不確定性原理よさらば

毎朝決まって見るページのなかにMSNニュース&ジャーナルがあるのだが、今朝はここに不確定性原理よさらばという記事があった。これが結構衝撃的な内容だ。これまでの物理学の定説が壊れてしまったと書いてある。

そもそも、インターネットも通信とコンピュータの産物で、どちらもトランジスタのかたまりだ。そして、このトランジスタという技術の元になっているのが量子力学と理論である。これだけ実用レベルになっているから、完璧に理解されていると思うのが普通だが、実はこれはよくわかっていない。どんなエライ物理学者でもよくわかってないのだ。それでどうしてモノが作れるかというと、受験生が公式だけを暗記するようなものだ。量子力学の方程式と計算の方法だけは随分前にわかっているのだが、それが何を意味するかは未だに解明されていない。

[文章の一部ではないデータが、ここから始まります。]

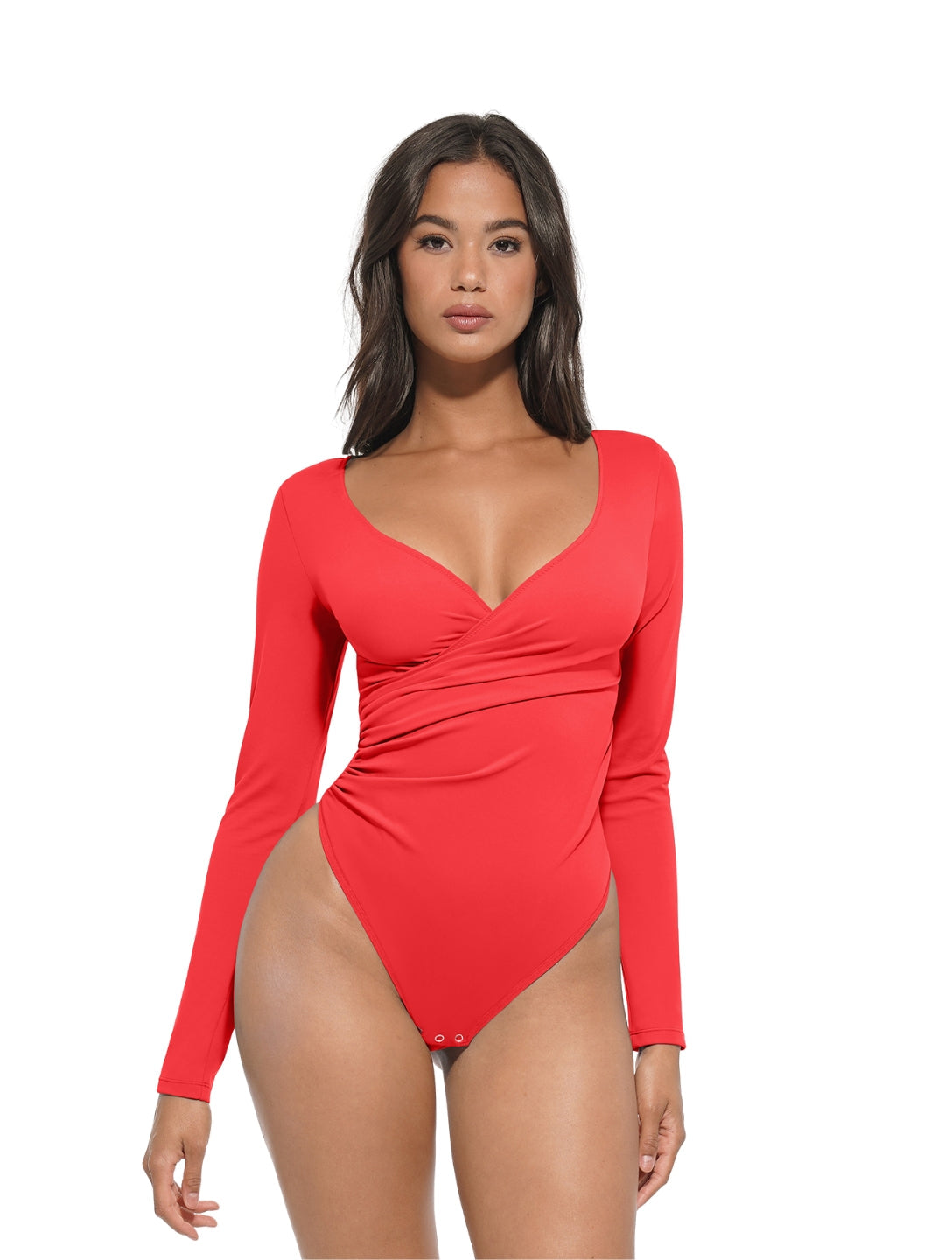 The Wrap & Snatch Bodysuit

普通の教科書には、この記事に出てくるボーアとかいう人などが「コペンハーゲン解釈」という考え方を出して、これでわかったことになっているのだが、アインシュタインはこの解釈に随分ご立腹されたようで、さんざん論争をしかけた。別に、その方程式や計算に文句をつけたわけでなく、その「解釈」なるものが気にくわなかった。というのも、この考え方によると、世の中の全てのことが「不確定」になってしまう。「不確定」になるのが、原子とか細かい話で我々の生活に関係ないならどうでもいいのだが、そういう原子を観察する機械で何かを操作すると、その「何か」が「不確定」になってしまう。

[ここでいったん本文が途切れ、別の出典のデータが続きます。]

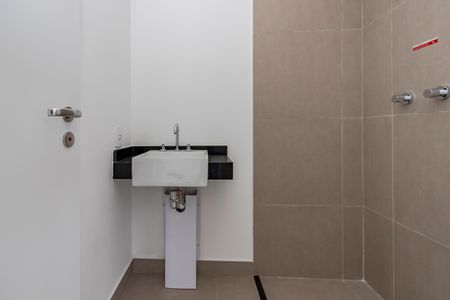 Apartamento para alugar com 33m², 1 quarto e sem vagaBanheiro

例えば、その機械の先にスイッチをつけて、そのスイッチをテレビにつなぐと、テレビがついているのかついていないのか「不確定」になる。猫を密封した容器に入れて、そのスイッチを毒ガス注入機につなぐと(どうしてこんな残酷な例を思いつくのかしらないが、これが有名なたとえ話なのだ)猫の生死が「不確定」になってしまう。スイッチを核爆弾の発射ボタンにつなげば、世界が滅亡するのかどうかが「不確定」になってしまう。なんだかよくわからないけど、猫が死んでるのかどうか一生懸命議論している。どうもそーゆうとてつもなく変な物理学なのだ。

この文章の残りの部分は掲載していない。